··· GIVEN INFORMATION ···
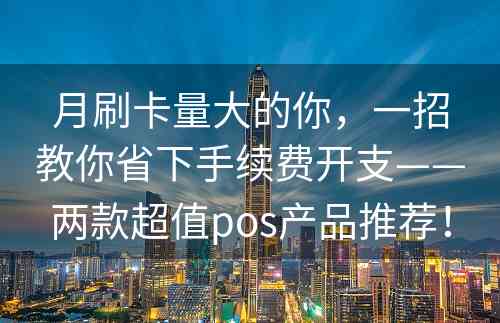 月刷卡量大的你，一招教你省下手续费开支——两款超值pos产品推荐！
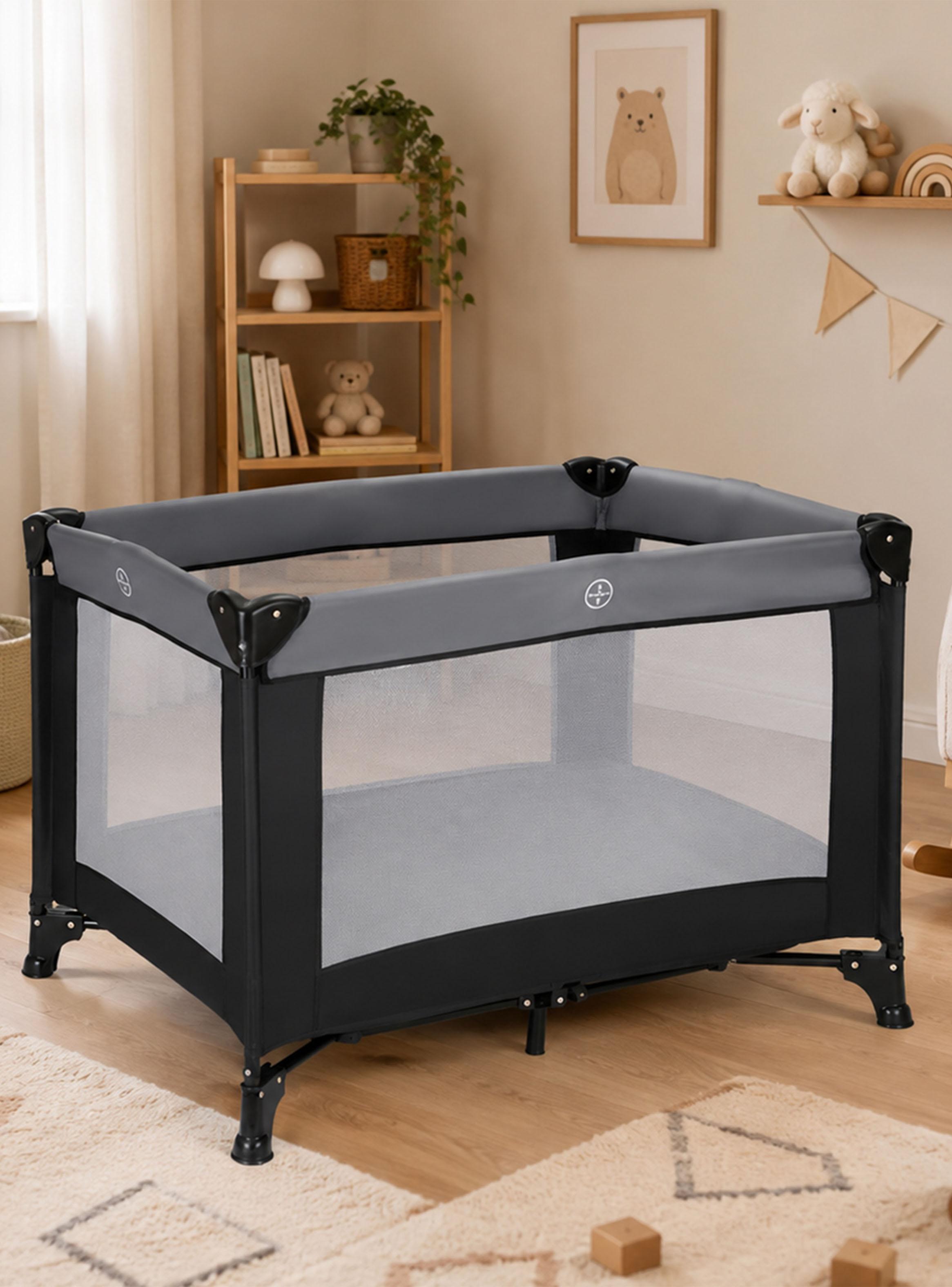 Cuna Corral Plegable y Portátil de Viaje Negro-4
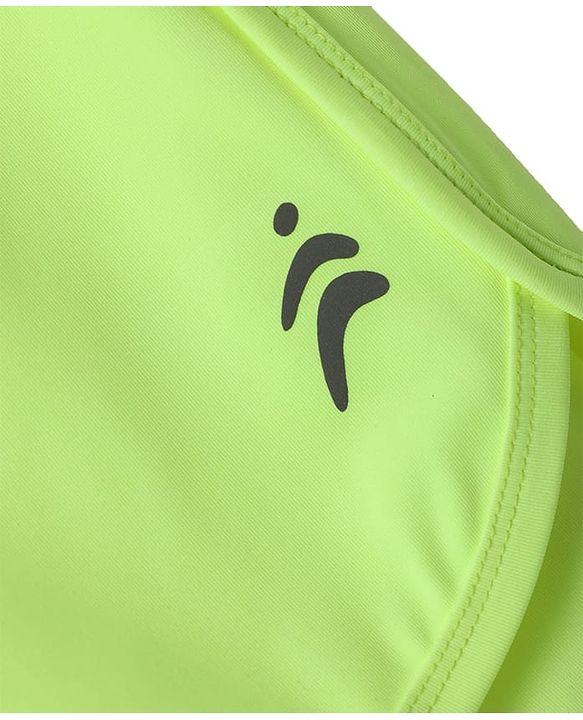 Pine Active Knit Knee Length Skin Friendly Active Stretch  Solid Shorts with Tights - Neon Green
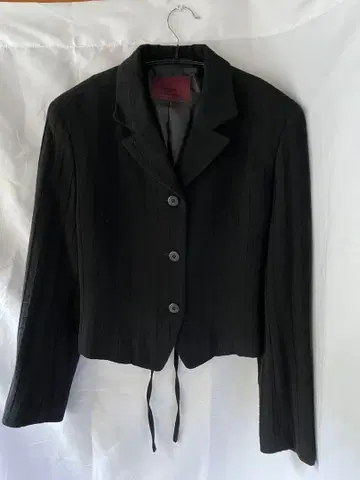 블랙 크롭 레이스업 자켓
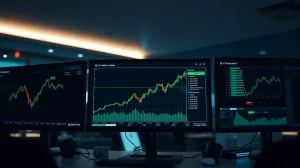 Trading desk monitors showing Ethereum futures data and Z-Score indicator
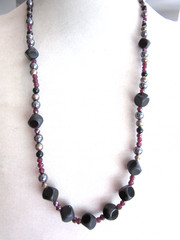 Vintage benchmade silver, faceted garnet, Onyx and hematite beaded necklace
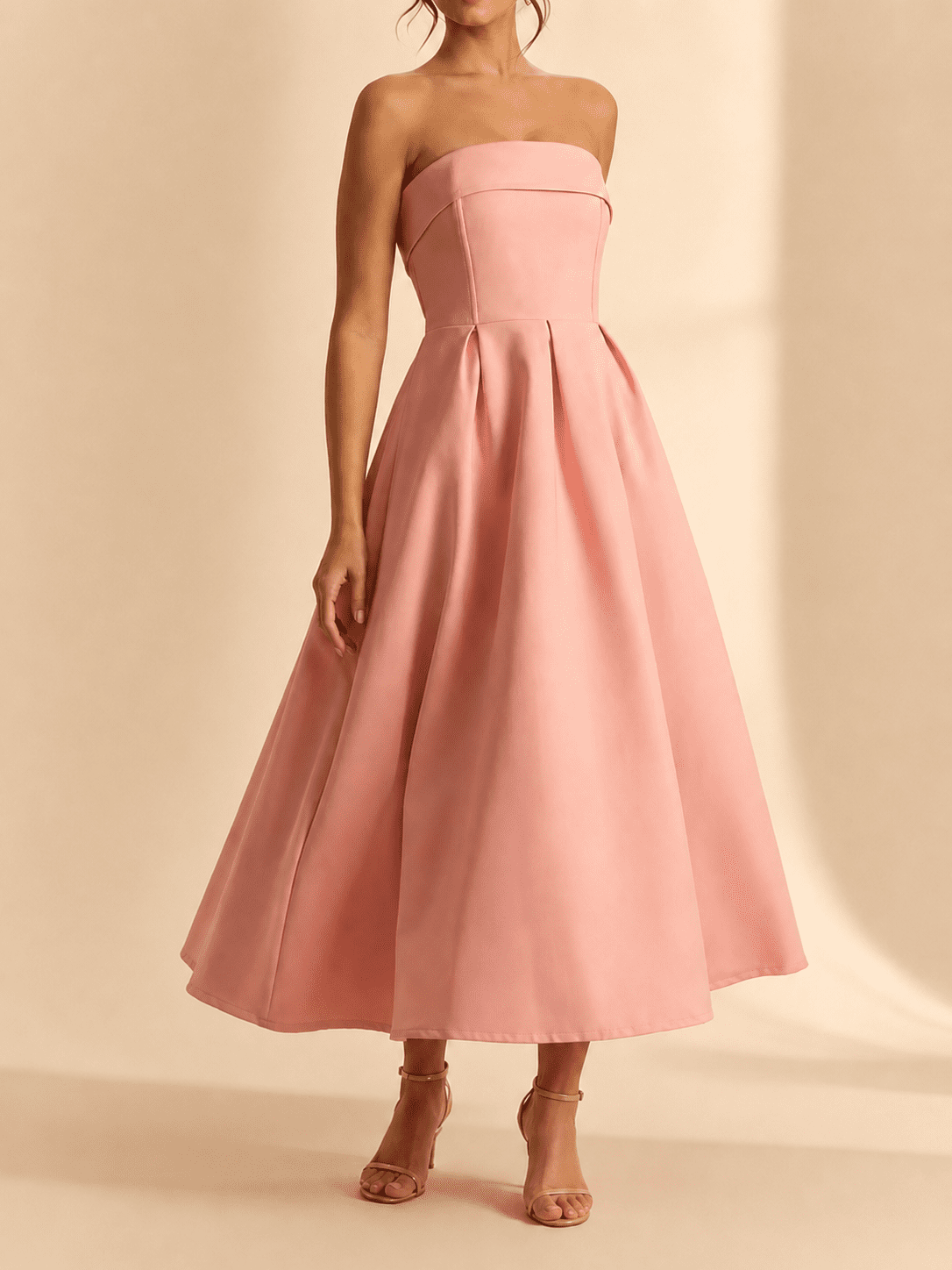 Robe Bustier Midi Rose Trapèze Effet Corset – Image 3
···
WORK REQUIRED
What's needed is every line above, retyped exactly and free of pictures.

RESPONSE AREA
 月刷卡量大的你，一招教你省下手续费开支——两款超值pos产品推荐！
 Cuna Corral Plegable y Portátil de Viaje Negro-4
 Pine Active Knit Knee Length Skin Friendly Active Stretch  Solid Shorts with Tights - Neon Green
 블랙 크롭 레이스업 자켓
 Trading desk monitors showing Ethereum futures data and Z-Score indicator
 Vintage benchmade silver, faceted garnet, Onyx and hematite beaded necklace
 Robe Bustier Midi Rose Trapèze Effet Corset – Image 3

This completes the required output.